On 01/22/18 03:49, Wolfram Sang wrote:
> Hi Frank,
> 
>> Please go back and read the thread for version 1.  Simply resubmitting a
>> forward port is ignoring that whole conversation.
>>
>> There is a lot of good info in that thread.  I certainly learned stuff in it.
> 
> Yes, I did that and learned stuff, too. My summary of the discussion was:
> 
> - you mentioned some drawbacks you saw (like the mixture of trace output
>   and printk output)> - most of them look like addressed to me? (e.g.
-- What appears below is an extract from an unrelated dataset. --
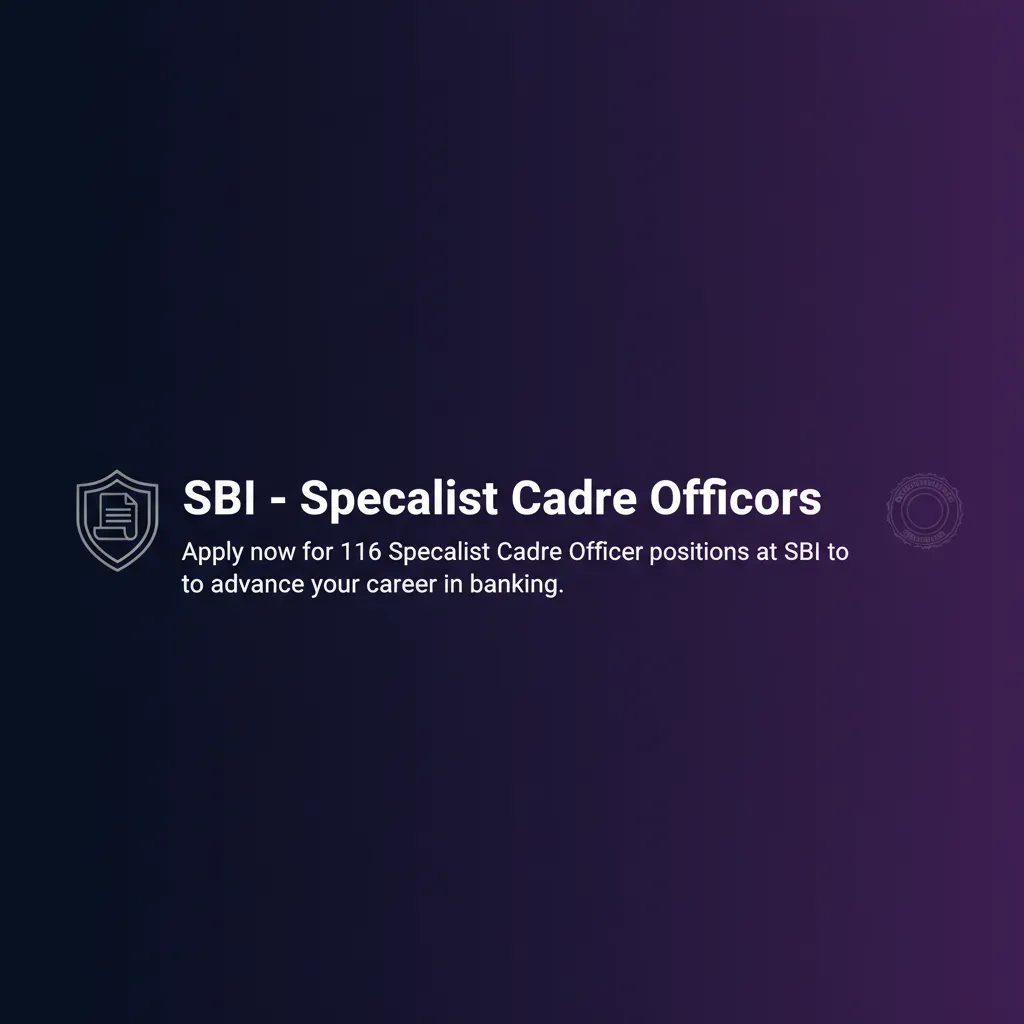 SBI - Specialist Cadre Officers - Official Job Notification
Steven showed a way to redirect
>   printk to trace
> - you posted your version (which was, however, marked as "not user friendly"
>   even by yourself)

Not exactly a fair quoting.  There were two things I said:

  "Here is a patch that I have used.  It is not as user friendly in terms
  of human readable stack traces (though a very small user space program
  should be able to fix that)."

     So easy to fix using existing userspace programs to convert kernel
     addresses to symbols.

  "FIXME: Currently using pr_err() so I don't need to set loglevel on boot.
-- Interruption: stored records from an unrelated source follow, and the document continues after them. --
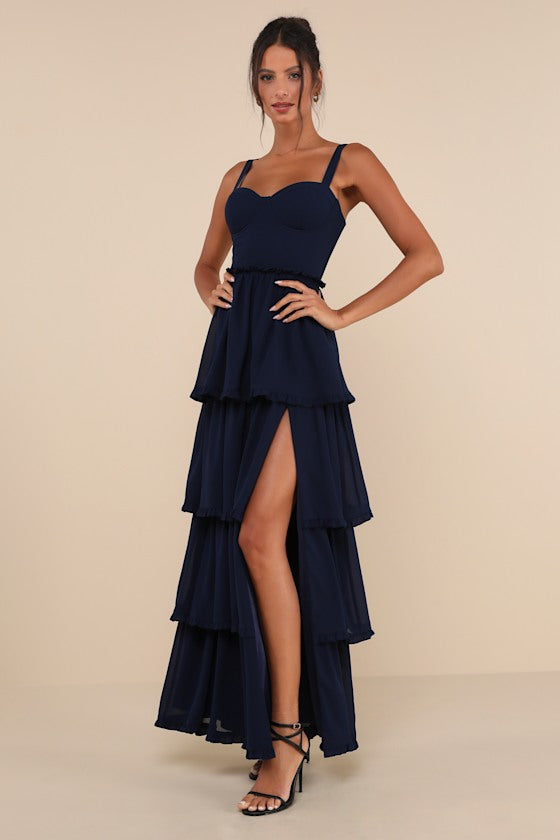 Sophisticated Occasion Navy Blue Bustier Lace-Up Maxi Dress #Color_Navy Blue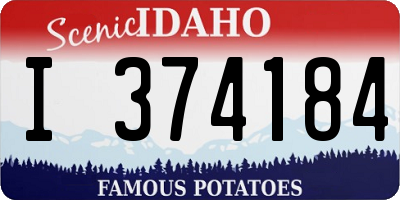 ID license plate I374184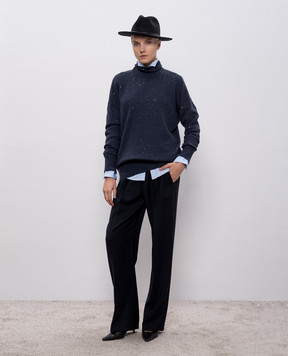 Brunello Cucinelli Синий свитер с кашемиром и шелком в пайетках M73539914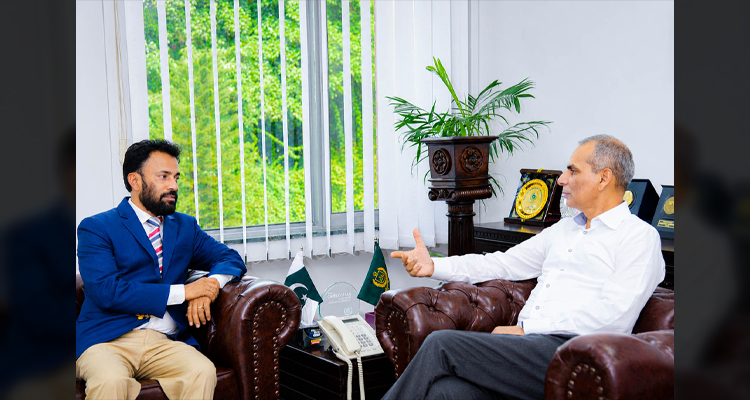The Wafaqi Mohtasib (Federal Ombudsman), Mr. Naveed Kamran Baloch talking to  Mr. Mervyn Lobo, CEO Marie Adelaide Leprosy Centre, Karachi, who called on him in his office at Islamabad on 03.09.2026.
          So obviously not a user friendly tool!!!
          The process is:
             - apply patch
             - configure, build, boot kernel
             - analyze data
             - remove patch"

     So not friendly because it uses pr_err() instead of pr_debug().  In
     a reply I said if I submitted my patches I would change it to use
     pr_debug() instead.  So not an issue.

     And not user friendly because it requires patching the kernel.
     Again a NOP if I submitted my patch, because the patch would
     already be in the kernel.

But whatever, let's ignore that - a poor quoting is not a reason to
reject this version of the patch.


> - The discussion stalled over having two approaches

Then you should have stated such when you resubmitted.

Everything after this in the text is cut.